In Sect. 3 we discuss analogous results when G is an infinite graph. Here the spectral resolution of the Laplacian in general involves projection valued measures on a spectrum contained in [0, 2]. We make the additional assumption that it may be written in the form

$$\begin{aligned} f = \int _0^2 P_\lambda f\, \mathrm {d}\nu (\lambda ) \end{aligned}$$
(1.6)

where \(\nu \) is a finite positive measure supported on the spectrum and \(P_\lambda f\) is an eigenfunction,

$$\begin{aligned} -\Delta P_\lambda f = \lambda P_\lambda f . \end{aligned}$$
(1.7)

Here (1.6) holds for every \(f\in \ell ^2(\mu )\), but \(P_\lambda f\) is not assumed to be in \(\ell ^2(\mu )\). This form of the spectral resolution is known to hold for many interesting examples. Then we define f to be half bandlimited if the integral in (1.6) is limited to [0, 1]. Again, if \(\nu \) has a point mass at \(\lambda =1\) we have to split the 1-eigenspace. Then again a half bandlimited function is uniquely determined from its samples on \(V_0\) via an explicit formula.

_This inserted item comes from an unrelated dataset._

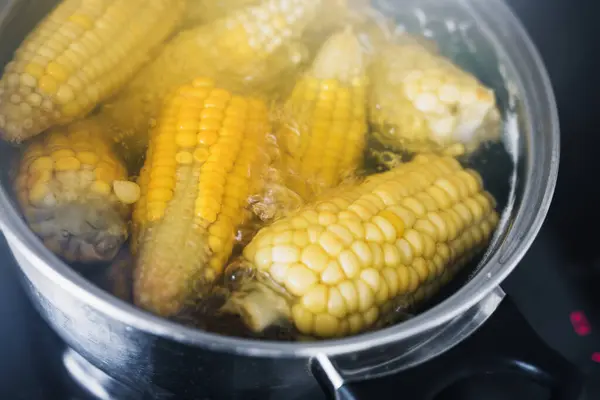 Large Ears Sweet Corn Boil Pan — Stock Photo, Image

While none of the above results are surprising or difficult, they set the stage for the discussion of a nontrivial example in Sect. 4. We denote by \(T_q\) the connected \((q+1)\)-regular tree, equipped with its completely symmetric Laplacian. The spectral resolution of this Laplacian in the form (1.6) was given explicitly by Cartier [2]. An exposition may be found in [9], and generalizations to other Laplacians may be found in [10]. A related “Plancherel formula”in the case \(q=2\) is given in [22].

It turns out that the spectrum is the smaller interval \(\left[ 1-\frac{2\sqrt{q}}{q+1},1+\frac{2\sqrt{q}}{q+1}\right] \), and \(\nu \) is an explicit absolutely continuous measure. The spectral resolution \(P_\lambda f\) is given by a spherical convolution operator

$$\begin{aligned} P_\lambda f(x) = \sum _y \varphi _\lambda (d(x,y)) f(y) \end{aligned}$$
(1.8)

for an explicit spherical function \(\varphi _\lambda \) (here d(xy) denotes the graph distance). The spherical function just fails to be in \(\ell ^2(G)\). We give here a simple proof of the spectral resolution based on the Cauchy integral formula. Using the same reasoning we obtain an explicit formula for the low-pass operator that gives the reconstruction formula. It is also a spherical convolution operator with a kernel that is now just barely in \(\ell ^2(G)\).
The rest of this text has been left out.